Hi, good morning. Just I was curious in the flow MRO market. You discussed a lot of initiatives that you have been taking for the last period of time. And I was just curious how you measure -- if you have any idea, any metrics that suggest that you are gaining shares.
I am assuming that's just are intended to gain share and just curious how in kind of slow market for everybody how you measure that?.
Yes. I can add a little color there. At the simplest level it is things like customer count, it is number of ship to location per month, now one of the things that offsets that is even if you are shipping to the same number of customers or an increasing number of customers by the way of line count also is another view on that.
All of those things have been stable or positive for us. What has been a negative for us is the dollar volume per line which implies, it implies that we have the customers business but bearing in mind we are selling the customer very small maintenance quantities of products.
And because they are consumable products, if they are not being consumed, let me use an analogy, how many flat washers do you really need if you are not consuming flat washers. So as we consume product we are very quickly on a weekly basis refilling. So our Greenfield reps are adding new accounts.
They are picking up product categories and ship to locations is going up. All of that is being offset by our seasoned customers and seasoned reps who while we have steady state business, line value is still kind of at a low level.
When we see both line level going up, it will imply that our seasoned customers went from two shift operation to three shift operation or fleet utilization for the construction equipment rental industry for example ticked up a few points.
And now the back callers are on rent more day than it was before, that will drive maintenance costs for the customer and volume for us. .
Okay. That's help.
Are there any publicly traded companies that you looked at more closely in terms of how your organic growth numbers compare to them?.
Yes. It is little hard because we are narrowly focused in our niche which is consumable MRO. The other big players in the space we would refer to as broad line MRO. And there is a pretty substantial difference. In that consumable, while quantity consumable MRO is a very short cycle. Again, our sales reps are what we call high service value proposition.
Which means our sales reps are visiting with the customer every week or every other week by contrast a broad line MRO provider might be selling you ladders, motors and fans and lighting retrofits, a next stop candy managed by the customer. I can choose to delay those capital purchases or durables, goods purchases I should say.

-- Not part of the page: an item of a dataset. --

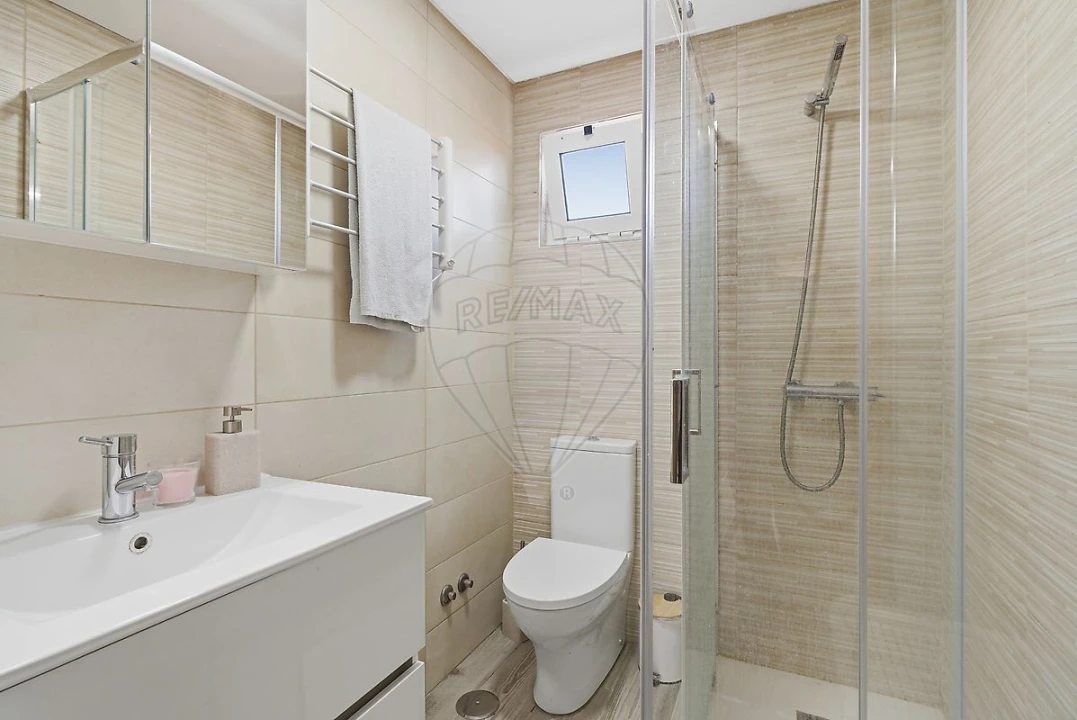 Moradia T3 para Venda em Abrigada e Cabanas de Torres Foto 14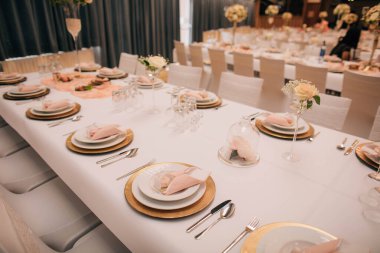 Tatilin düğün nitelikleri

I can do this quarter or I can push it off till next year. So the short answer is really we don't have anybody just like us who is narrowly focused on consumable MRO as a good comparison. .
[Operator Instructions] And we will take our next question from Larry Pfeffer with Avondale Partners..
Good morning, Mike. Good morning, Ron. So kind of sticking with that last question.
Do you have the actual numbers for what your unique ship to be in this quarter in terms of a percentage change?.
Yes. I mean they are up a little bit. I mean we wouldn't -- we don't disclose this specific numbers but it is up a point or so relative to unique ship uses we look at. Actually we look at the trend over the last I'd say probably 12 months.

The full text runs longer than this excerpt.